UFC issues anti-doping program IV rules reminder to fighters

The UFC has issued an important reminder to fighters surrounding IV use.

After UFC 284, lightweight champion Islam Makhachev was accused by fellow lightweight Dan Hooker of using intravenous (IV) therapy to rehydrate after weigh-ins for his main event championship bout against Alexander Volkanovski in Perth, Australia.

Makhachev’s team denied Hooker’s claim, telling MMA Junkie the accusations were “completely BS.”

However, the situation sparked conversations about IV use under the U.S. Anti-Doping Agency (USADA), prompting the promotion to clear up any confusion about what is permitted by issuing a reminder of the UFC Anti-Doping Program’s rules to the fighter roster. The initial rules prohibiting IV use were implemented in 2015, but were adjusted in 2019.

MMA Junkie obtained a copy of the email fighters received, which outlines when a fighter may use an IV without the need for a therapeutic use exemption (TUE):

In light of recent discussions on the UFC Anti-Doping Program (UFC ADP) IV rules, below is a reminder of the rule as it has stood since the end of 2019. This rule, along with the entire UFC ADP, has been publicly posted since that time at Additionally, multiple advisories on the IV rule have been emailed to UFC athletes, managers and support. Lastly, USADA advises all new UFC athletes on the UFC-ADP IV rule when they join the UFC Registered Testing Pool (UFC RTP).

  • The following IVs are now permitted without a TUE:

    • Those received in the course of hospital treatments, surgical procedures, clinical diagnostic investigations;

    • Those received by a licensed medical professional after a licensed physician determines that they are medically justified;

    • IVs of less than a total of 100 mL per 12-hour period;

    • Separate of the UFC Anti-Doping Program rules, athletic commissions require any athlete who receives an IV surrounding a fight to (1) obtain permission from the commission before receiving an IV and; (2) disclose use of that IV to the commission after its use. Despite the fact that IV use is now permitted under UFC ADP rules if administered by a “licensed medical professional after a licensed physician determines they are medically justified,” the required disclosure of such use to an athletic commission could jeopardize the licensing of the fight by the commission. Most athletic commissions and their medical staffs will further make a determination if a fighter is medically cleared to compete after IV use. Athletic commission IV rules vary from commission to commission, which is why disclosure of intended and completed IV use to athletic commissions surrounding a fight is required.

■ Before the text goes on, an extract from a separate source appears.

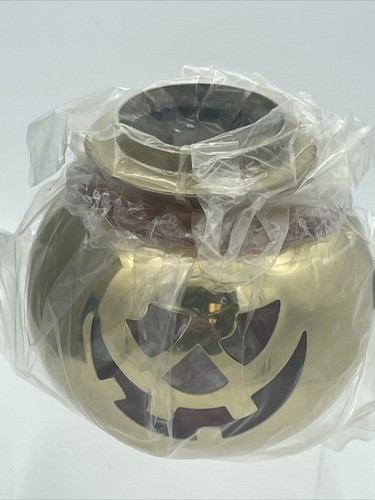 PartyLite Jack-O-Lantern Votive Holder Brass & Glass with Original Box New Ch11 - Picture 2 of 7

The IV initial rules began Oct. 1, 2015. Fighters were allowed infusions or injections of non-prohibitied substances as long as the volume of fluid administered did not exceed 50mL per six-hour period.

All IVs of more than 50mL in or out of competition were prohibited at all times, with the exception of “those legitimately received in the course of hospital admissions, surgical procedures, or clinical investigations, without an approved TUE.” In addition, all prohibited substances administered by injection or IV required a TUE whether above or below 50mL.

After conversations began following Hooker’s accusation towards Makhachev, UFC senior vice president of athlete health and performance Jeff Novitzky issued statements on Twitter, similar to the email fighters received, explaining the updated IV rules.

There is currently no verifiable evidence available that suggests Makhachev used an IV in compliance with the rules or otherwise during UFC 284 fight week.